Jones’ second comment above is indeed surprising.  There is little evidence that Google has ever put privacy above technology.  Its technological prowess has been at the forefront of raising new ethical questions – one of which is indeed about privacy.

So, just to add to the debate, I thought I would come up with a list of ten interesting uses for Street View:

  • for car thieves wanting to plan where to steal particular brands of car to order – just look on people’s drives
  • for double glazing companies (or for that matter firms offering to redo your drive) to target individual houses that might be ripe for marketing – individualised targeted mailings
  • for revolutionaries (or what governments in capitalist countries call ‘terrorists’) to decide where best to plant explosive devices to cause maximum damage
  • for people wanting to reconstruct buildings on streets that have been destroyed by earthquakes (or other such disasters) – you can see how it looked a year ago
  • for burglars wanting to find the quickest getaway having robbed a property (see Phil Muncaster’s summary on v3.co.uk)

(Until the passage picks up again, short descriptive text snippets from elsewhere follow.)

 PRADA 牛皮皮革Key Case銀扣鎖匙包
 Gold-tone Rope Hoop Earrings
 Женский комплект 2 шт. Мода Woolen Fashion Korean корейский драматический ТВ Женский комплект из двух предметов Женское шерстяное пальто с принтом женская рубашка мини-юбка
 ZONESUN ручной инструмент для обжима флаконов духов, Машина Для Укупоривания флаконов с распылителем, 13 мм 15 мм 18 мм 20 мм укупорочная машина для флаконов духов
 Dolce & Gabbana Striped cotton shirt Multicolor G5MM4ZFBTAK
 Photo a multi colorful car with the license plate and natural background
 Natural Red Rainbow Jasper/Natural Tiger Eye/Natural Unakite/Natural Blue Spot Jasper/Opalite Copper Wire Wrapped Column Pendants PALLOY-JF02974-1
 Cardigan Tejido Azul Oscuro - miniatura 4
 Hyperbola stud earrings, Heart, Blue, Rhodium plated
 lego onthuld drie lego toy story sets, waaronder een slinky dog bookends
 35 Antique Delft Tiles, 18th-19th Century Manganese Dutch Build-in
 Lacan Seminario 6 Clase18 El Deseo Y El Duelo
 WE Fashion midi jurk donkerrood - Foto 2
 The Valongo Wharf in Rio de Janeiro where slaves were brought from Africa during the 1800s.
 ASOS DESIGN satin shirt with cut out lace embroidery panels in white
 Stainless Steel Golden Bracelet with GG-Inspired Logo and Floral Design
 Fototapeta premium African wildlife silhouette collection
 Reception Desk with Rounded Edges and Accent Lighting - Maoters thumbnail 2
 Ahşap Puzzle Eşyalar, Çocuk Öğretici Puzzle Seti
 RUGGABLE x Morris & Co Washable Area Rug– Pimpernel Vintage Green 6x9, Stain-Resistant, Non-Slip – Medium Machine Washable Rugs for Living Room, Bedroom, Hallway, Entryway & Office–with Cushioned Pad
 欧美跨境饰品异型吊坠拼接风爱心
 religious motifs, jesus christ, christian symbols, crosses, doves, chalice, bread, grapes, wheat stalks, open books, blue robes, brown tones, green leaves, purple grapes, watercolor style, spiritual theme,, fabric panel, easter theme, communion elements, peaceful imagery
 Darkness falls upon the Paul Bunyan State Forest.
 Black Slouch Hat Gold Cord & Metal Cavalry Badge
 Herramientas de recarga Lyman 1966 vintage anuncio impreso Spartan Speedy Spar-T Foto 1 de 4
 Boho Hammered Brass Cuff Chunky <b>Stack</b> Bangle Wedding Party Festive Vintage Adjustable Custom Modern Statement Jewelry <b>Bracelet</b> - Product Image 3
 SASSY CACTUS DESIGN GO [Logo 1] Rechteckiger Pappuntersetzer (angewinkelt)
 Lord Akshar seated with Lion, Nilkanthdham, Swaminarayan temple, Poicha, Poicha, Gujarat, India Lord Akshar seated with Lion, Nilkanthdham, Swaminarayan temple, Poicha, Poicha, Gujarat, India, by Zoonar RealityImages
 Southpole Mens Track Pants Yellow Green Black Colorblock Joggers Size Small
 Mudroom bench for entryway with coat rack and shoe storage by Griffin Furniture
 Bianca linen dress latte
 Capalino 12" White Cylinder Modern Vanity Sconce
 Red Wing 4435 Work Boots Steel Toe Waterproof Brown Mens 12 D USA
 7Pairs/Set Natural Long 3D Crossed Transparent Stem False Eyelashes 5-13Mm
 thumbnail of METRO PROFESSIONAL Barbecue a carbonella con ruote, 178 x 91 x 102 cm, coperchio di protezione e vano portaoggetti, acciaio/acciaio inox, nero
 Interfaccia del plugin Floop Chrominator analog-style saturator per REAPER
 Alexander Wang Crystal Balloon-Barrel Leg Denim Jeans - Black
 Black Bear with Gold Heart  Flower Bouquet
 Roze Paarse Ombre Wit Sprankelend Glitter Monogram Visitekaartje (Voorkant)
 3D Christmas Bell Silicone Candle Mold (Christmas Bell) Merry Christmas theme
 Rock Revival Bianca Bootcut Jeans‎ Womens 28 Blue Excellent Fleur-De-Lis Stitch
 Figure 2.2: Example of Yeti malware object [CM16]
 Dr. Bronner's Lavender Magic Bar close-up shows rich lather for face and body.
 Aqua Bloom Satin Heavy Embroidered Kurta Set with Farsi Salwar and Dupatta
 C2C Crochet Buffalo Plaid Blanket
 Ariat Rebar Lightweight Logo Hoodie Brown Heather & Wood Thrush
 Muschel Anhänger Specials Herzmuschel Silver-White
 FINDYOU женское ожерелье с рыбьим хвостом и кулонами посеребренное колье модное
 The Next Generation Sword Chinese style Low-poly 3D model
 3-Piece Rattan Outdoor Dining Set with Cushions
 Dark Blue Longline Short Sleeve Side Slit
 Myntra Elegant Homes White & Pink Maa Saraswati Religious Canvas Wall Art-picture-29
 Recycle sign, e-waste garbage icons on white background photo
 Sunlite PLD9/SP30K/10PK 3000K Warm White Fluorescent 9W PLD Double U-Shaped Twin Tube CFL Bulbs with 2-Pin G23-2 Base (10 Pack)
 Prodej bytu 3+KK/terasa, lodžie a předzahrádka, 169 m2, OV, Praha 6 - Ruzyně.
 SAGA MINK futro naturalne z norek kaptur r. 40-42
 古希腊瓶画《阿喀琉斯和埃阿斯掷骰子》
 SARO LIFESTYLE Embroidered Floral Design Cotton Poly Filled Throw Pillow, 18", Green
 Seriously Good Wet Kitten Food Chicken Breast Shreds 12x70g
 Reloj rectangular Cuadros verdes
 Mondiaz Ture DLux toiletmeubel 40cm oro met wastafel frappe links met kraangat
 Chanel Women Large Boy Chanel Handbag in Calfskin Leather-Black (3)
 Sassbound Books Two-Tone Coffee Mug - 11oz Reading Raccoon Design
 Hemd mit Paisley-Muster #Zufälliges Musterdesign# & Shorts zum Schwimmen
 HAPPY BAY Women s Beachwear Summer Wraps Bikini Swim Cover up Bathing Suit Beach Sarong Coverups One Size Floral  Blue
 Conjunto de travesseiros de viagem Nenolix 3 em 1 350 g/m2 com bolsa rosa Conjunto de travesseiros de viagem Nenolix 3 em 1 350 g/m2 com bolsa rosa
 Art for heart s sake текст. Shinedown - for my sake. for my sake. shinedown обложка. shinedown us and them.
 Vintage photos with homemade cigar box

  • for recognising what your friends were doing when the Google car passed – yes, of course you can recognise people even with their faces blurred
  • for checking out those naked sunbathers
  • for finding exactly what that pub that your friends took you to last night looks like in the daylight when you can’t remember where it is
  • for checking out what the holiday villa you are thinking of booking really looks like
  • and as findaproperty says, “With the panoramic street level photographs you can get a feel for the property, its location and neighbourhood, before visiting it – which saves you a lot of time and means you don’t have to decided whether you want to view a property based solely on the description of the area as provided by the estate agents” – ah, isn’t that nice…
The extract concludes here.